** The data **
----
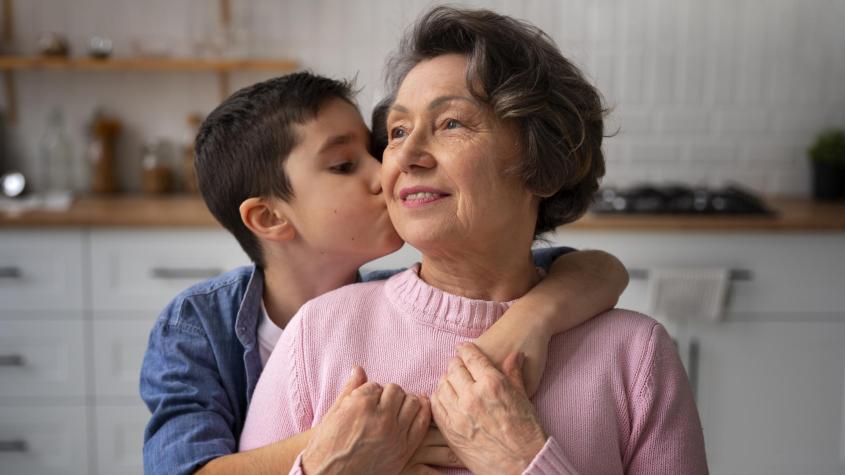 Guardianes del legado: cuando los abuelos cuidan de los nietos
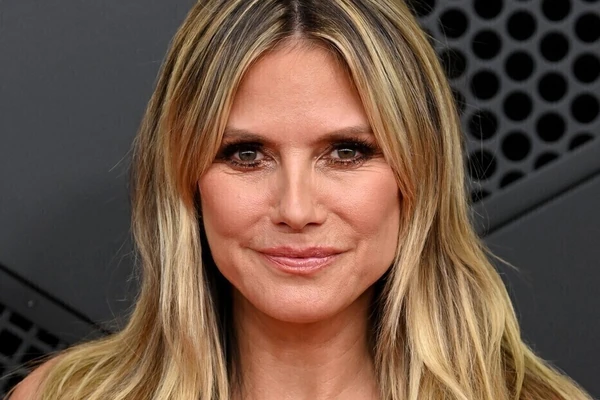 TOPLES I IZREZBARENA ZADNJICA, provokativnija od tange: Hajdi Klum u GOLOJ LATEKS haljini - sve se OCRTAVALO, a veša nigde: "Je l' ovo LEGALNO?", rizikovala da je IZBACE sa crvenog tepiha 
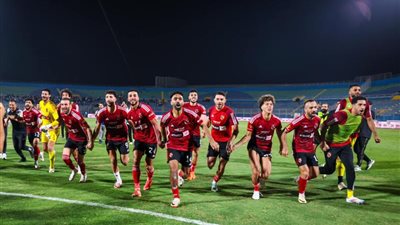 كم نقطة يحتاجها الأهلي للفوز بلقب الدوري المصري؟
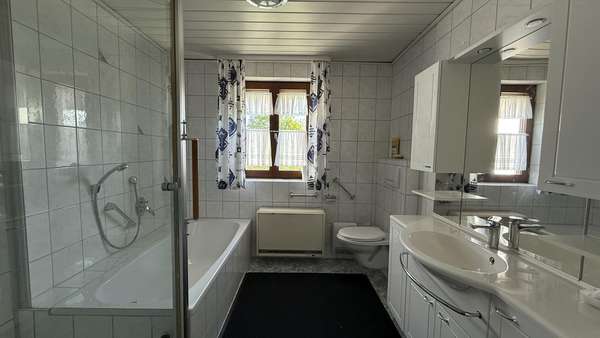 Badezimmer Erdgeschoss - Einfamilienhaus in 73467 Kirchheim mit 106m² kaufen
----
** Task objective **
Every line above should be copied exactly, apart from any pictures.

** Solution to this exercise **
 Guardianes del legado: cuando los abuelos cuidan de los nietos
 TOPLES I IZREZBARENA ZADNJICA, provokativnija od tange: Hajdi Klum u GOLOJ LATEKS haljini - sve se OCRTAVALO, a veša nigde: "Je l' ovo LEGALNO?", rizikovala da je IZBACE sa crvenog tepiha 
 كم نقطة يحتاجها الأهلي للفوز بلقب الدوري المصري؟
 Badezimmer Erdgeschoss - Einfamilienhaus in 73467 Kirchheim mit 106m² kaufen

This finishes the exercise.